Transparent Page Sharing (TPS) in hardware MMU systems

Products

VMware vSphere ESXi

Issue/Introduction

Transparent page sharing is a method by which redundant copies of pages are eliminated. This helps to free memory that a virtual machine would otherwise be using. Because of the way TPS works with hardware-assisted memory virtualization systems like Intel EPT Hardware Assist and AMD RVI Hardware Assist, esxtop may show zero or few shared pages in these systems. Page sharing will show up in esxtop only when host memory is overcommitted. The rest of this article provides background and details.

Environment

VMware ESXi 4.1.x Installable
VMware ESX 4.0.x
VMware ESXi 4.0.x Embedded
VMware ESX 4.1.x
VMware ESXi 4.0.x Installable
VMware ESXi 4.1.x Embedded

Resolution

Transparent Page Sharing basics

In ESX, a 4KB page backing any guest page with content identical to another 4KB guest page can be shared regardless of when, where, and how those contents are generated. ESX periodically scans the content of guest physical memory for sharing opportunities.
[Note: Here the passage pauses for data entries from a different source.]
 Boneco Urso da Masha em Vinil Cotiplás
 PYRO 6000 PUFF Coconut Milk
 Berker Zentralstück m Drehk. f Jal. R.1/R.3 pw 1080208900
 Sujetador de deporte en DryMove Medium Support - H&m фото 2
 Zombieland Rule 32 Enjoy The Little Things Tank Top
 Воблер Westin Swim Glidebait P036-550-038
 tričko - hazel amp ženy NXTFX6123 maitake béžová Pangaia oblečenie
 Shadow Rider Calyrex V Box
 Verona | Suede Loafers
For each candidate page, a hash value is computed based on its content. The hash value is then used as a key to look up a global hash table, in which each entry records a hash value and the physical page number of a shared page. If the hash value matches an existing entry, a full bit-by-bit comparison of the page contents between the candidate page and the shared page is performed to exclude a false match. After a successful content match, the guest-physical to host-physical mapping of the candidate page is changed to the shared host-physical page, and the redundant host memory copy is reclaimed.

Transparent Page Sharing with large pages

In hardware-assisted memory virtualization systems, ESX will preferentially back guest physical pages with large host physical pages (2MB contiguous memory region instead of 4KB for regular pages) for better performance. If there is not a sufficient 2MB contiguous memory region in the host (for example, due to memory over commitment or fragmentation), ESX will still back guest memory using small pages (4KB). ESX will not share large physical pages because:

The probability of finding two large pages that are identical is very low.
The overhead of performing a bit-by-bit comparison for a 2MB page is much higher than for a 4KB page.

However, ESX still generates hashes for the 4KB pages within each large page during page scanning.

In the cases where host memory is overcommitted, ESX may have to swap out pages. Since ESX will not swap out large pages, during host swapping, a large page will be broken into small pages. ESX tries to share those small pages using the pre-generated hashes before they are swapped out. The motivation of doing this is that the overhead of breaking a shared page is much smaller than the overhead of swapping in a page if the page is accessed again in the future.

Conclusion

Given the above implementation, one may see zero or very little page sharing in hardware MMU systems when host memory is under committed. Page sharing occurs only when the host starts to swap out pages due to very high memory pressure. Note that with the above features, the ability to reclaim memory through page sharing in ESX is not degraded because ESX defers sharing pages until host free memory is very low.